Fig 1.
Cumulative frequency and progression scores of clinical phenotypes.
a) Cumulative frequency of neurological and sickness phenotypes, based on observations over a 90-day period, varied by strain. Phenotypic observation frequencies for righting reflex, paresis, paralysis, seizures, limb clasping, encephalitis, and ruffling were recorded over the 90 day infection period. Data shown here are mean ± SEM of the average clinical phenotype frequency across 90 dpi for each strain. b) Clinical progression of neurological and sickness phenotypes varied by strain.
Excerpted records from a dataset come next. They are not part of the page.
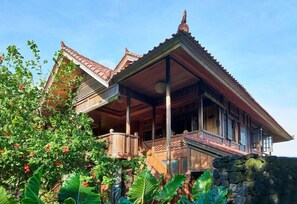 A traditional wooden house with a balcony, surrounded by lush greenery. - Jasri Bay Hideaway (Karangasem)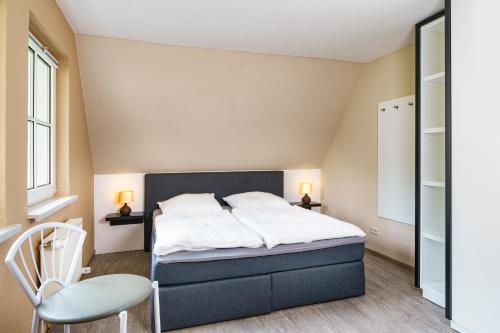 Ένα ή περισσότερα κρεβάτια σε δωμάτιο στο Ferienhaus CARPE DIEM in Gager WE 03 direkt am Bodden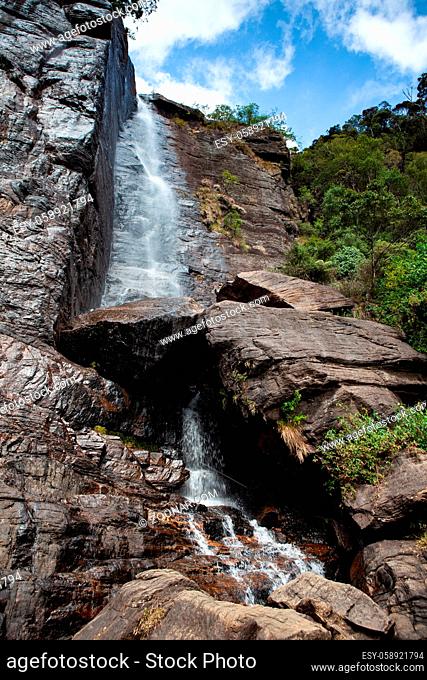 Lovers leap waterfall in Nuwara Eliya, Sri Lanka. Lovers leap is an impressive waterfall known for its romantic folklore situated on a rocky cliff above the tea...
Phenotypic observation frequencies for righting reflex, paresis, paralysis, seizures, limb clasping, encephalitis, and ruffling were calculated at 14dpi and 90 dpi and the differences from 14 to 90dpi were compared to generate a progression score to understand the effect of the virus during the chronic phase of infection. For each phenotype, positive progression scores indicate that severity increased over time. Data shown here are mean ± SEM of the progression score for each strain.
Fig 2.
Relationship between 90 dpi cumulative phenotype frequency, progression score and lesion location.
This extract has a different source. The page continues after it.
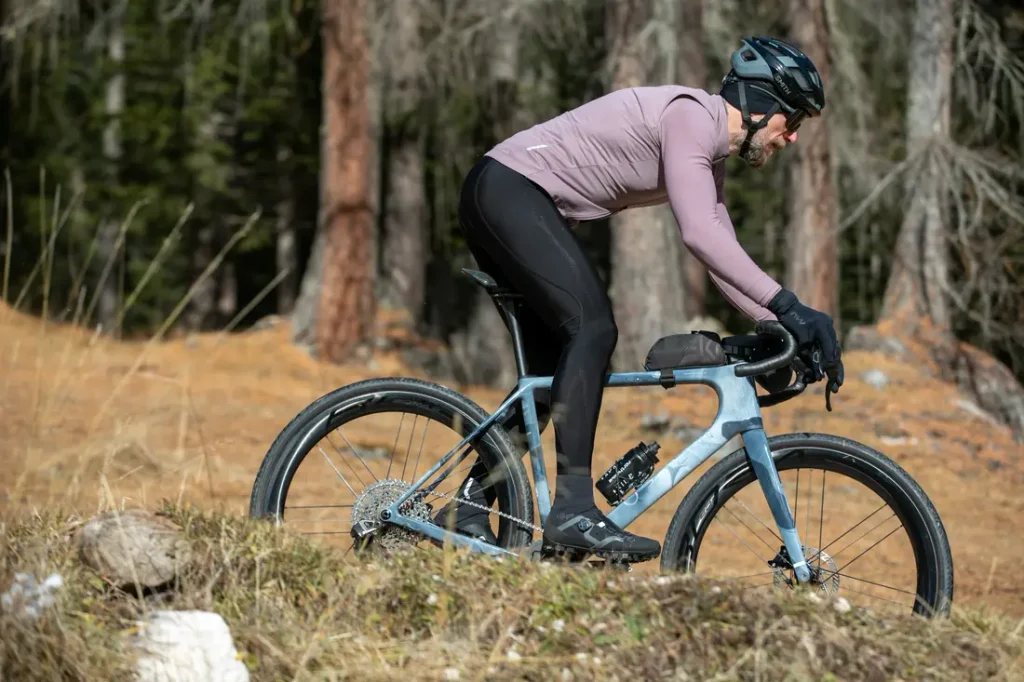 Una persona que lleva casco, guantes y ropa de ciclismo pedalea con una bicicleta de gravel cuesta arriba por un sendero cubierto de hierba, con árboles al fondo.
a.) Statistically significant associations and suggestive associations between lesion location and 90 dpi phenotypes. b.) Statistically significant associations and suggestive associations between lesion locations and clinical progression scores. The values presented are the Spearman correlation coefficients. The values shown in gray are for strain-specific associations.
Fig 3.
Cross-sections of the cerebrum at level B of CC mice infected with Theiler’s Murine Encephalomyelitis Virus (TMEV) and euthanized ~90 dpi.
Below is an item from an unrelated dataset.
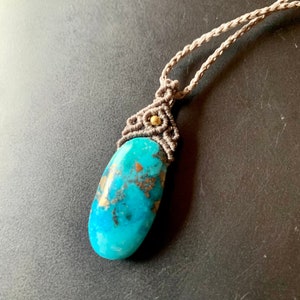 Puede incluir: Un colgante de piedra turquesa con detalles dorados, colgado de un collar de cordón marrón.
A. Strain CC002, B. Strain CC012xCC032, and C. Strain CC023: Linear neuroparenchymal necrosis and mineralization of the dorsal hippocampal commissure (black arrows). Hematoxylin and eosin stain; bar = 200 μm. D. Strain CC027: Locally extensive neuroparenchymal necrosis and loss of the hippocampal neurons of the pyramidal layer of CA1 with gliosis of the stratum oriens and stratum radiatum (black rectangle); Hematoxylin and eosin stain; bar = 100 μm. E. CC057 strain: Locally extensive neuroparenchymal necrosis and mineralization of the pyramidal layer of CA1 field with gliosis of the stratum oriens, stratum radiatum and stratum lacunosum-moleculare (black rectangle); Hematoxylin and eosin stain; bar = 100 μm. F. Strain CC078: Focal areas of neuroparenchymal necrosis and mineralization with neuronal loss of the hippocampal CA1 and CA2 pyramidal layer (arrows) and gliosis and mineralization of the superjacent stratum oriens and subjacent stratum radiatum. Hematoxylin and eosin stain; bar = 100 μm. G. Schematic representations of the TMEV-induced lesion distribution in CC strains at brain levels A, B, and C. Each color within the strain column is representative of one animal of the strain.
Table 1.
Numbers of TMEV-infected CC mice (+) and lesion distributions in the brain.
Fig 4.
Cross-sections of the lumbosacral spinal cord of CC mice strains infected with Theiler’s Murine Encephalomyelitis Virus (TMEV) and euthanized at ~90 dpi.
A. Strain CC002: Bilateral radiculoneuropathy of the ventral nerve roots. Hematoxylin and eosin stain; bar = 200 μm. B. Detail of the lesion shown in A: Chronic axonal degeneration and loss with vacuolation of the myelin sheaths. Hematoxylin and eosin stain; bar = 50 μm. C. Strain CC023: Bilateral radiculoneuropathy of the ventral nerve roots. Hematoxylin and eosin stain; bar = 200 μm. D. Detail of the lesion shown in C: Chronic axonal degeneration loss of myelin sheaths and infiltration of macrophages. Hematoxylin and eosin stain; bar = 50 μm.